**Working data:**
§ §

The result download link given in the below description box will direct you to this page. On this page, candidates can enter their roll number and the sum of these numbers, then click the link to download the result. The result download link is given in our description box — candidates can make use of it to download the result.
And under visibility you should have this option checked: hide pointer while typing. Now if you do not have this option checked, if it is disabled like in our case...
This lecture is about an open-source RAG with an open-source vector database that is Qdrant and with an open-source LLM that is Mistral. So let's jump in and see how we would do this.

§ §

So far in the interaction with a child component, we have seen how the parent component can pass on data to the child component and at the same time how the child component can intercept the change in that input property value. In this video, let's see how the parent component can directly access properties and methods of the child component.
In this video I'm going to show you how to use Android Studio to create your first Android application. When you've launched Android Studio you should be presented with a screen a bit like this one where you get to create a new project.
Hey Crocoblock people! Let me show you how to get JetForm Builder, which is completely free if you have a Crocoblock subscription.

§ §

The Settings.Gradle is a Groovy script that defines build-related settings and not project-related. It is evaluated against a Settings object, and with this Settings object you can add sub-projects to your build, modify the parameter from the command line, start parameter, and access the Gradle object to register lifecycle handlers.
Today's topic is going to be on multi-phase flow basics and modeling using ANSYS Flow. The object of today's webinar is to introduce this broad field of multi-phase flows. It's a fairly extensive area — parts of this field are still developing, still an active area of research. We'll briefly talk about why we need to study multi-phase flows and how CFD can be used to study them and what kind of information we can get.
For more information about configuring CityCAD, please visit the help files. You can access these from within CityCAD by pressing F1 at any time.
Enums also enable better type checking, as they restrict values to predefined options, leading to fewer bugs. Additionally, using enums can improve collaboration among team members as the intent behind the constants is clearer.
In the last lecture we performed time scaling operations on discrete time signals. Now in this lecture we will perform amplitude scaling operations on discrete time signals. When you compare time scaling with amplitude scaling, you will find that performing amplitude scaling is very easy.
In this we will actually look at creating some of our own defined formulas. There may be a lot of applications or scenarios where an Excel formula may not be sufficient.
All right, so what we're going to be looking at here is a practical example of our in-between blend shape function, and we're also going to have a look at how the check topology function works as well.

§ §

**Task goal:** The lines to extract from the data above begin with the line containing "The result download link given" and end with the line containing "This lecture is". Extract them exactly, including both.

**Answer space:**
The result download link given in the below description box will direct you to this page. On this page, candidates can enter their roll number and the sum of these numbers, then click the link to download the result. The result download link is given in our description box — candidates can make use of it to download the result.
And under visibility you should have this option checked: hide pointer while typing. Now if you do not have this option checked, if it is disabled like in our case...
This lecture is about an open-source RAG with an open-source vector database that is Qdrant and with an open-source LLM that is Mistral. So let's jump in and see how we would do this.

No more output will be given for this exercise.